Mais au bout de 5 à 6 mètres je fais une "nervous breakdown" … l'immonde bout de métal déchiré devant mon nez … Je REFUSE de monter dessus! Je sais que tout péterait… et même ce bon spit de 8mm au relais ne suffit pas à me motiver! 30 m en dessous de ce toit, suspendu plein vide sur un relais effroyable … joker! Nous n'avons que 3 à 4 spits sur nous et ce serait le sauvetage obligé… mais comment? … et par qui?
En dessous les gamins commencent à remonter la statique puisque un bon nombre de points sont déjà mousquetonnés … je me décide à ajouter un auto forant dans cette longueur!
Tamponnoir en action couché à l'horizontal, je pose donc ce qui donne un sens à cette histoire.
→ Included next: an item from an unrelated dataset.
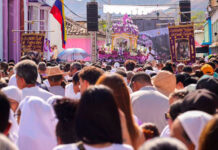 Fieles acompañaron al Santo Sepulcro de Villa de Cura en gran demostración de fe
Car la nuit tombait, et pour aller plus vite Jean Marcel me poussait à essayer (ça avait bien tenu pour d'autres!!!).
Pour savoir, si oui ou non j'avais été "petite couille" pour rien, j'ai vaché ma longe sur le spit de 8mm … et j'ai chargé un étrier sur celui dont je doutais!!! Je suis resté pendu sur le bon spit… le mauvais s'était arraché dès que j'étais monté dans ma pédale!
L'histoire est ainsi terminée… et la dernière longueur après le toit, pitonnée dans le noir restera anecdotique! A minuit nous étions dans la prairie au sommet du Marteau tous les quatre avec la réel impression d'être des survivants…
Et pour authentifier cette petite (longue) histoire, car je suppute que certains se disent déjà, ce Fara… quel hâbleur! Nous avions fait la huitième ascension de la classique voie suisse du Toit du Marteau. Le week end suivant ceux qui voulurent faire la neuvième reposent depuis bientôt 30 ans au cimetière de Sallanches… A l'attaque de la bande de charbon, la cordée a tout arraché, (sans doute le relais), je n'ai jamais connu les raisons exactes de cet accident.
Je ne suis même pas certains que en dehors de la voie Berruex très proche de la voie suisse, (100% forée et équipée avec du matos moderne), le Toit du Marteau soit refait de nos jours.